» **Goal of the exercise**
Beginning at the top of the data below, restate every line word for word until the line containing "Kymco ZX 49cc Scooter Negra" has been included, and omit the pictures.

---- Material provided

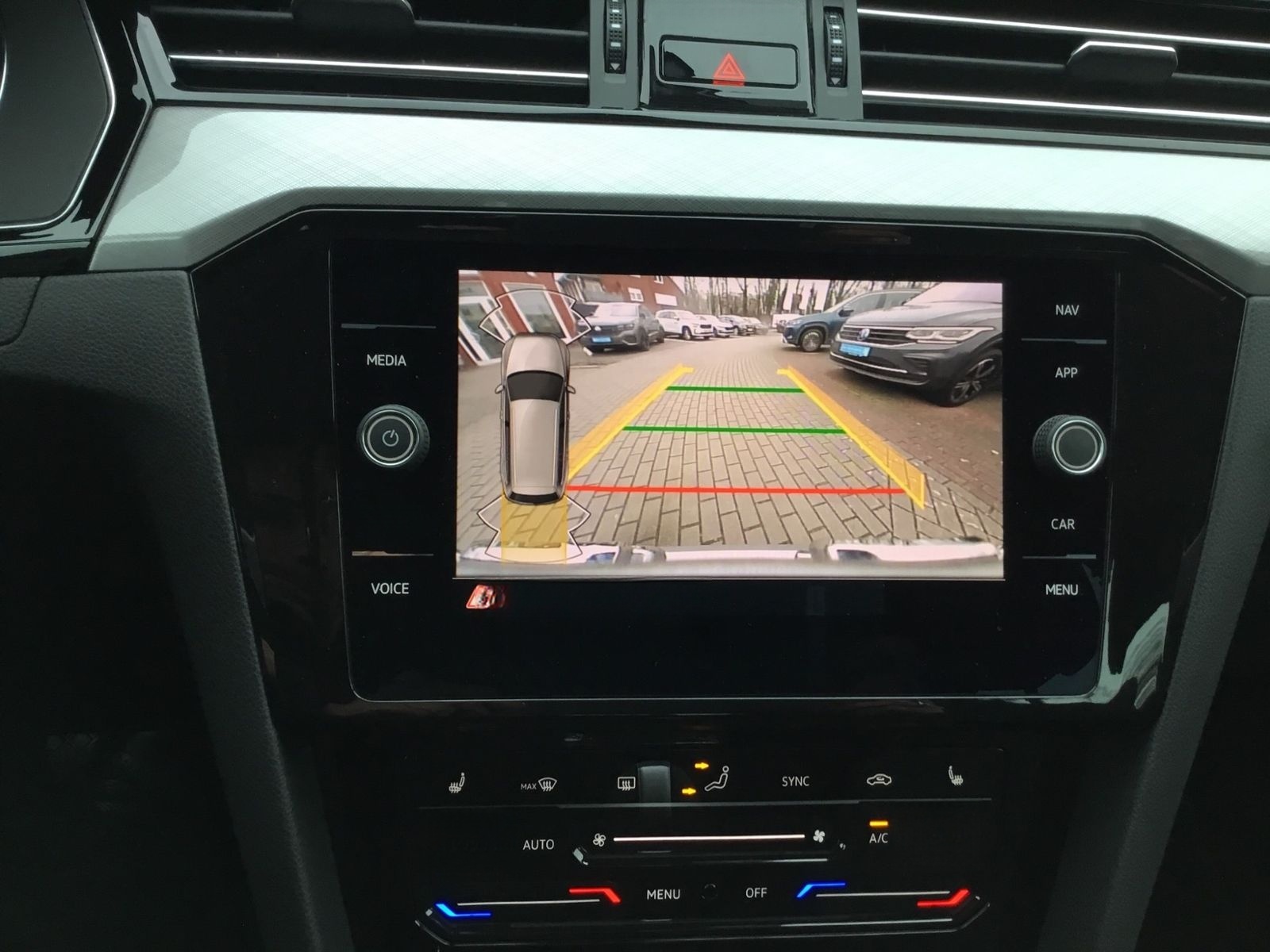 Volkswagen Passat Variant 2.0 TDI DSG BUSINESS +LED +ACC +R foto 13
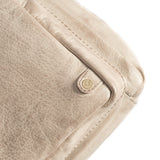 Flot lys sandfarvet taske i skind med et stort rum og et mindre den har justerbar rem og gulddeljer set tæt på emblem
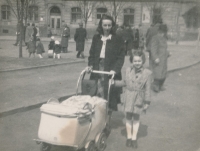 Vladimíra Čermáková with her mother and brother, 1946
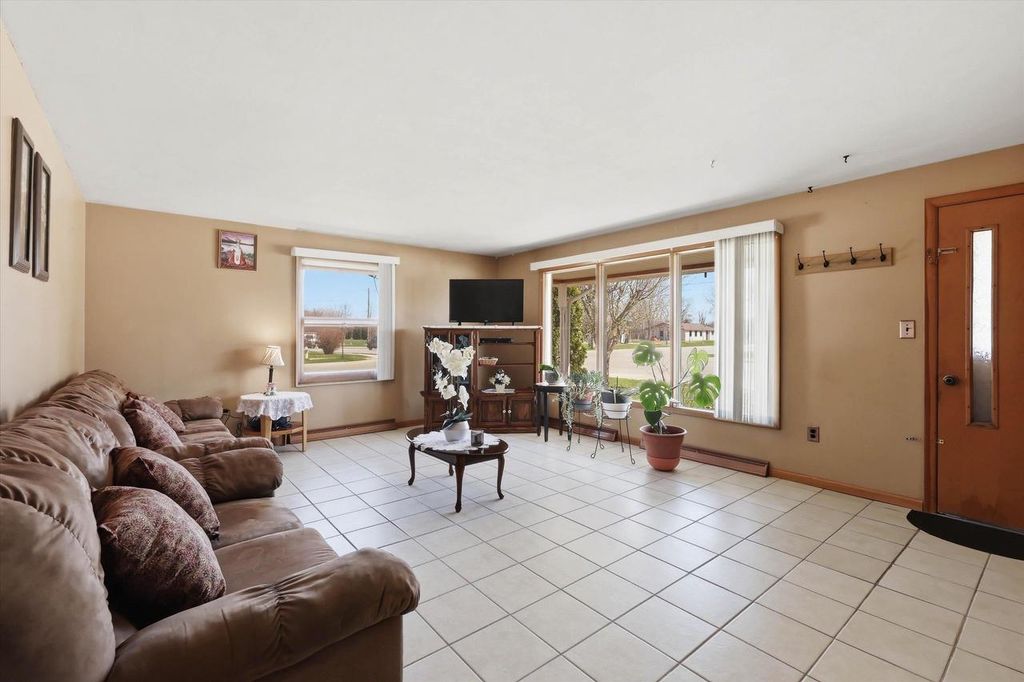 Photo of 831 N Danz AVENUE, Green Bay, WI 54302 (MLS # 50324040)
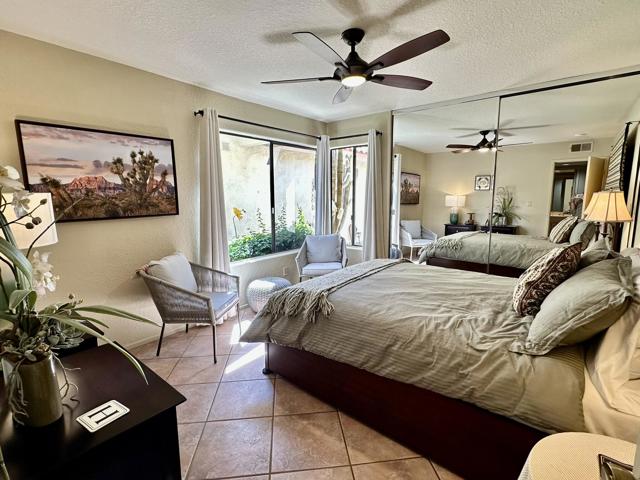 138 Gran, Palm Desert CA: https://media.crmls.org/mediaz/ef0c3c8e-0db2-4f73-8d4f-6350d26714bf.jpg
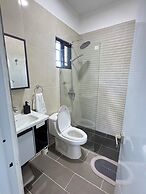 Nashaly Suite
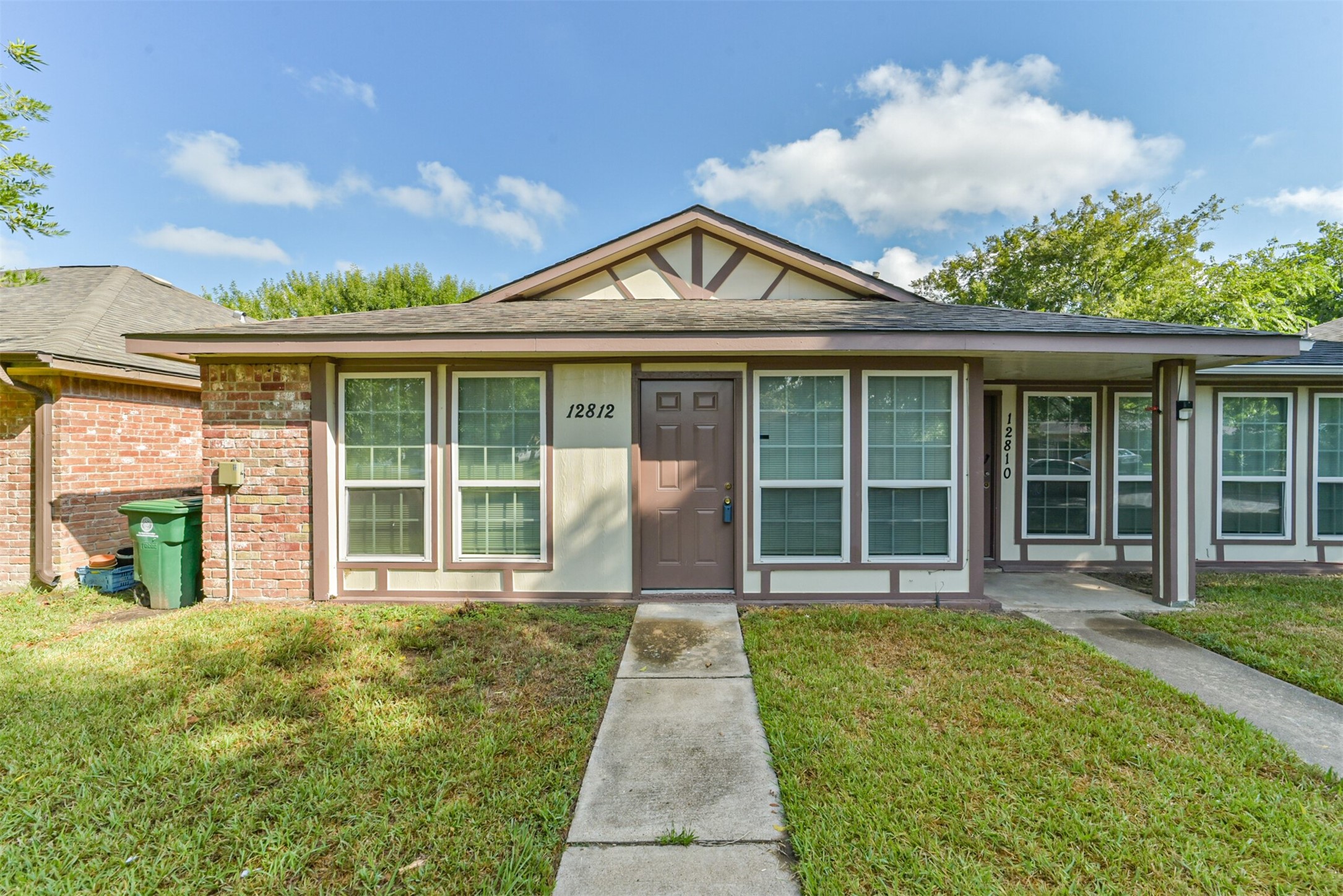 12812 Shannon Hills Drive Property Photo 2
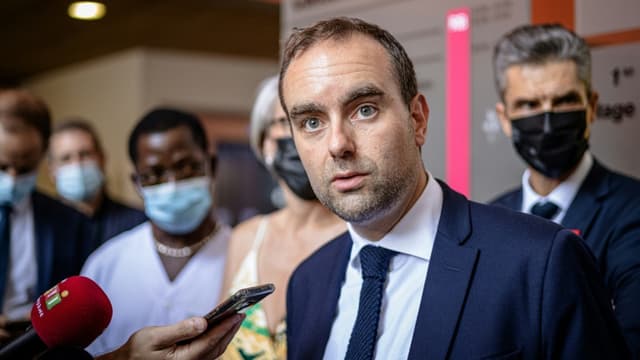 Le ministre des outre-mer Sébastien Lecornu répond aux journalistes lors d'un déplacement au centre hospitalier de Cayenne, le 25 septembre 2021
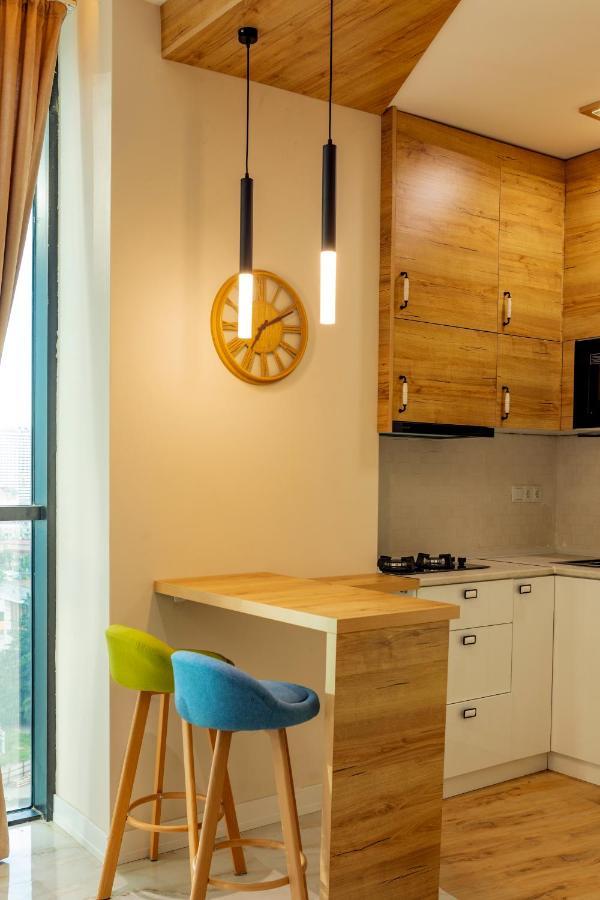 Entire Flat With City Skyline View - Two Bedrooms Batumi Esterno foto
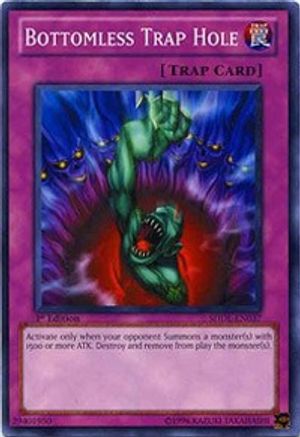 Bottomless Trap Hole (SDDL-EN037) - Structure Deck: Dragunity Legion Unlimited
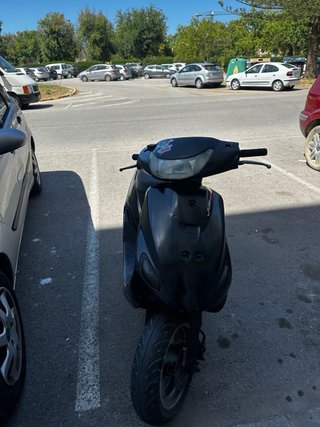 Kymco ZX 49cc Scooter Negra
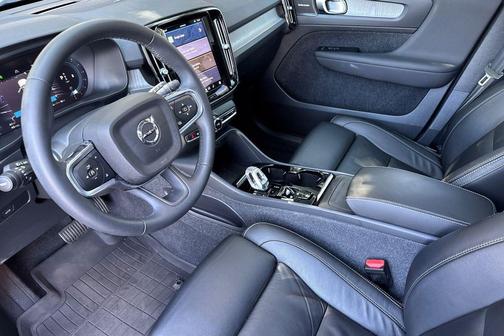 Silver Dawn Metallic 2023 Volvo XC40 B5 Ultimate Dark Theme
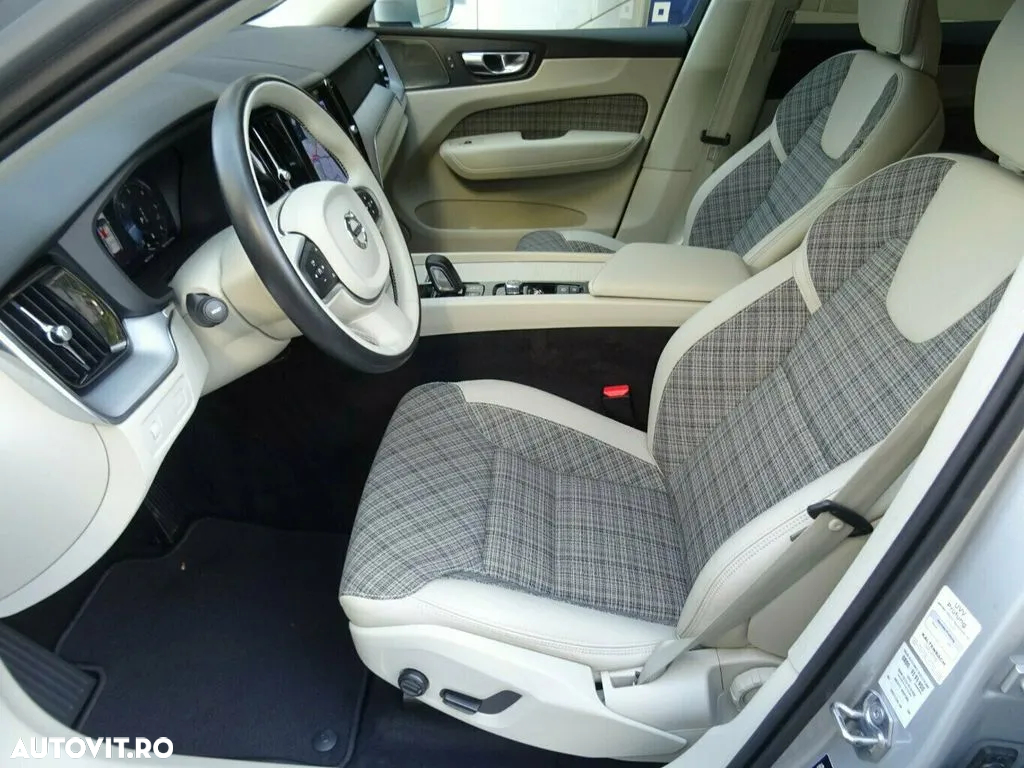 Volvo XC 60 B4 B Geartronic Momentum Pro - 12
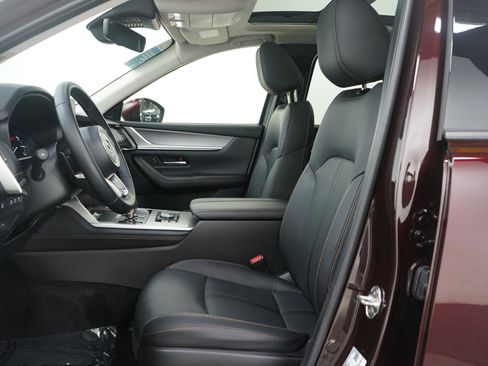 Used 2024 MAZDA CX-90 3.3 Turbo w/ Premium Package image 26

--------

» **Output below**
 Volkswagen Passat Variant 2.0 TDI DSG BUSINESS +LED +ACC +R foto 13
 Flot lys sandfarvet taske i skind med et stort rum og et mindre den har justerbar rem og gulddeljer set tæt på emblem
 Vladimíra Čermáková with her mother and brother, 1946
 Photo of 831 N Danz AVENUE, Green Bay, WI 54302 (MLS # 50324040)
 138 Gran, Palm Desert CA: https://media.crmls.org/mediaz/ef0c3c8e-0db2-4f73-8d4f-6350d26714bf.jpg
 Nashaly Suite
 12812 Shannon Hills Drive Property Photo 2
 Le ministre des outre-mer Sébastien Lecornu répond aux journalistes lors d'un déplacement au centre hospitalier de Cayenne, le 25 septembre 2021
 Entire Flat With City Skyline View - Two Bedrooms Batumi Esterno foto
 Bottomless Trap Hole (SDDL-EN037) - Structure Deck: Dragunity Legion Unlimited
 Kymco ZX 49cc Scooter Negra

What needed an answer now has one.